-- HOW TO COMPLETE THIS TASK --
Make an exact copy of the listing below. Pictures stay out of it.
Content starts
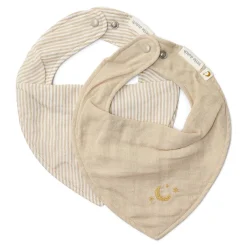 Little Dutch Set de 2 bavoirs bandana Pure Soft Beige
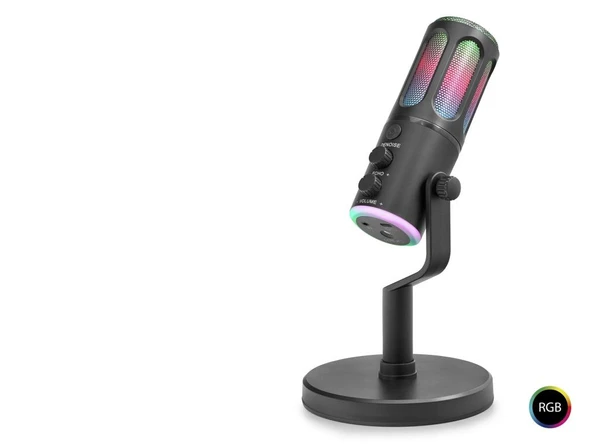 Profesyonel Rgb Mikrofon Dsp Gürültü Engelleme Reverb Echo Destekli Type-C - Siyah SU8 ürün görseli 1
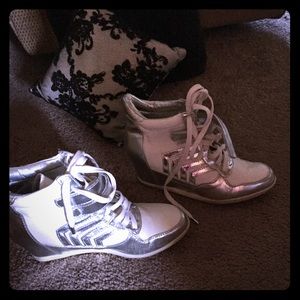 Silver white wedge sneakers. SALE SALE !!!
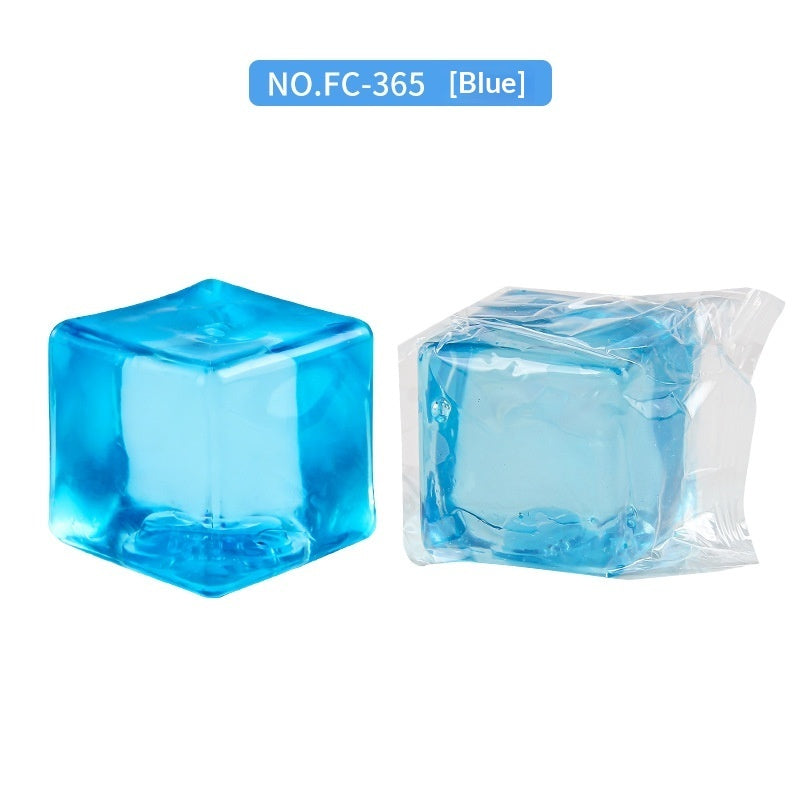 Blue transparent square fidget ball, shown and in clear protective packaging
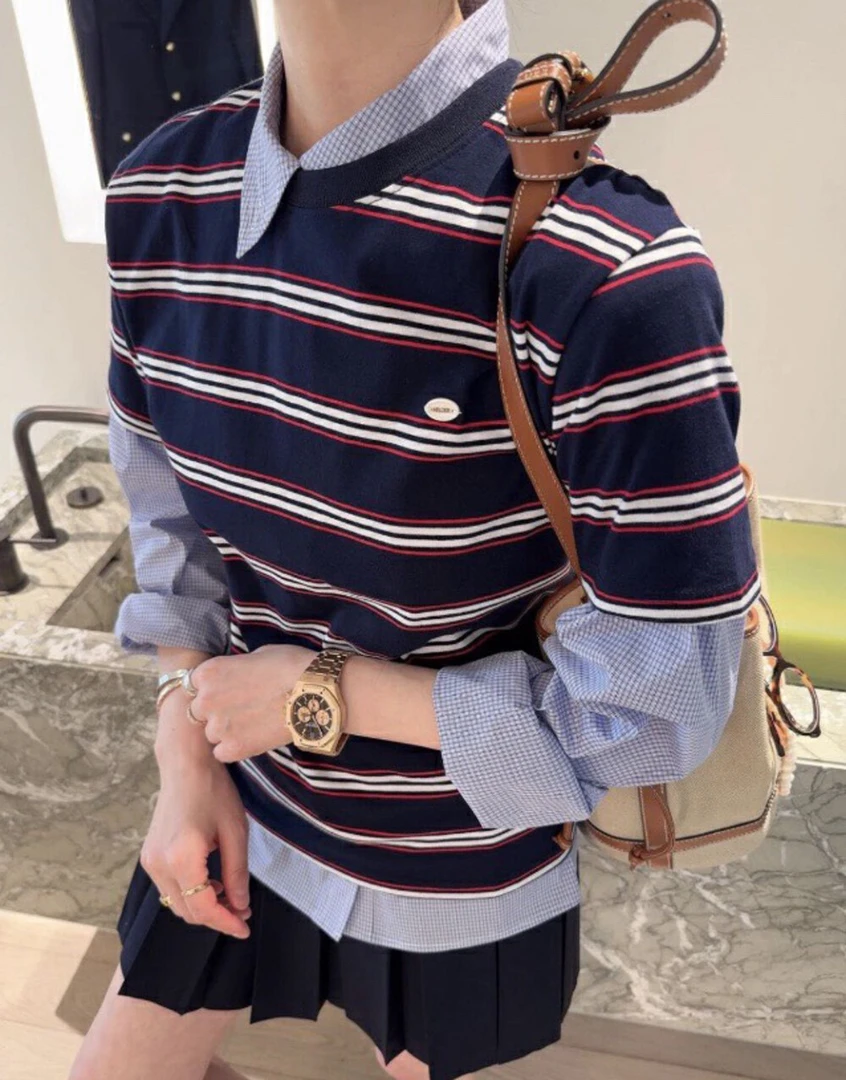 元气减龄韩国东大门春夏简约小标复古条纹短袖T恤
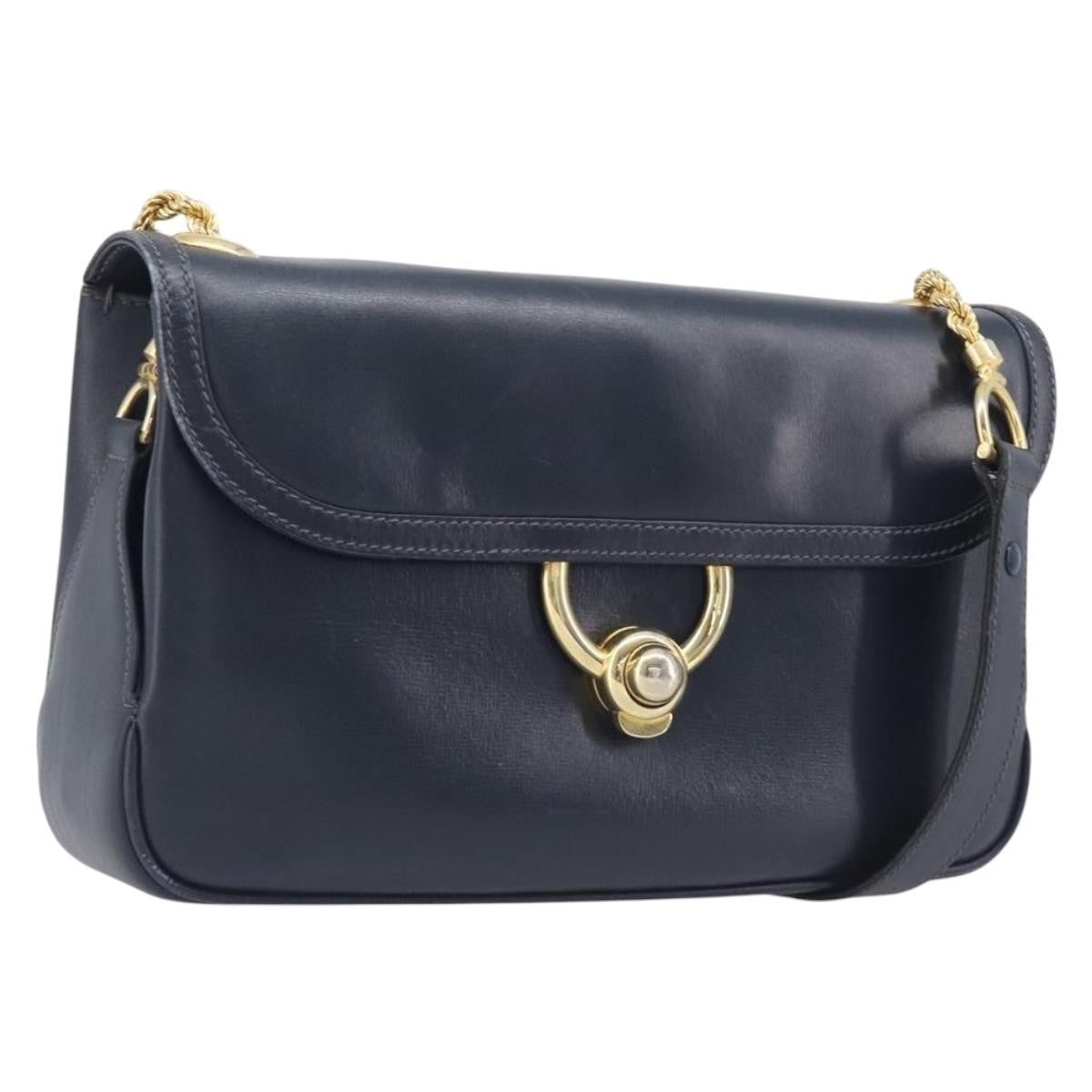 Gucci Shoulder Leather Navy Leather Shoulder Bag Bag (Pre-Owned)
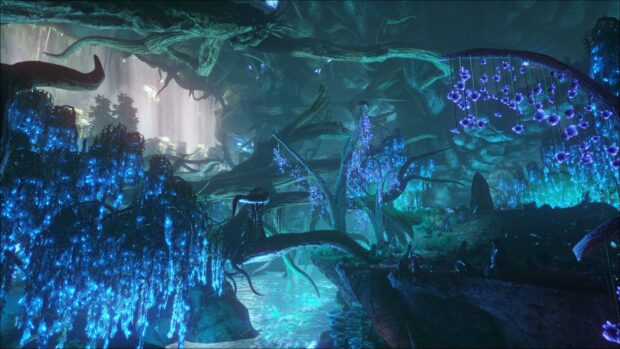 The glowing blue plants light up a mystical forest scene in Ark Survival Evolved, HD Desktop Wallpaper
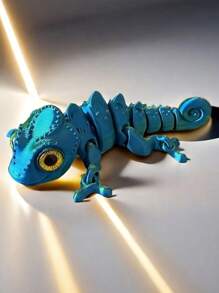 1pc 3D Printed Realistic Eyes Rainbow Chameleon Changing Color Model - Perfect Gift For Friends And Family - Art Desktop Decor - Flexible Limbs - Suitable For Party And Outdoor Display - Fish Tank Decor, Gift For Christmas, Valentine's Day (Eye Color Random),3d Printed,3d Printed Animals,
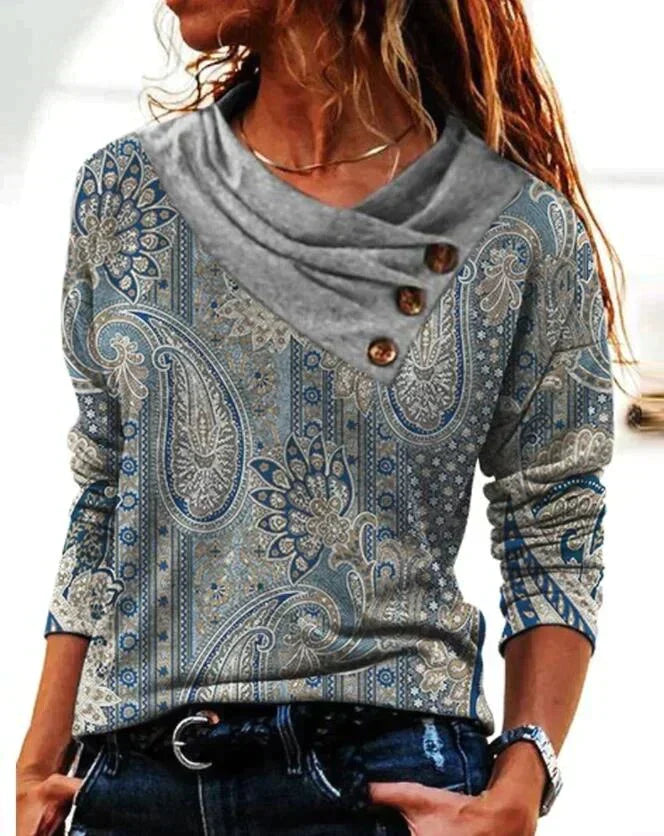 Freya Women's Printed Blouse - styled view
Content ends
-- REPLY TO THE EXERCISE --
 Little Dutch Set de 2 bavoirs bandana Pure Soft Beige
 Profesyonel Rgb Mikrofon Dsp Gürültü Engelleme Reverb Echo Destekli Type-C - Siyah SU8 ürün görseli 1
 Silver white wedge sneakers. SALE SALE !!!
 Blue transparent square fidget ball, shown and in clear protective packaging
 元气减龄韩国东大门春夏简约小标复古条纹短袖T恤
 Gucci Shoulder Leather Navy Leather Shoulder Bag Bag (Pre-Owned)
 The glowing blue plants light up a mystical forest scene in Ark Survival Evolved, HD Desktop Wallpaper
 1pc 3D Printed Realistic Eyes Rainbow Chameleon Changing Color Model - Perfect Gift For Friends And Family - Art Desktop Decor - Flexible Limbs - Suitable For Party And Outdoor Display - Fish Tank Decor, Gift For Christmas, Valentine's Day (Eye Color Random),3d Printed,3d Printed Animals,
 Freya Women's Printed Blouse - styled view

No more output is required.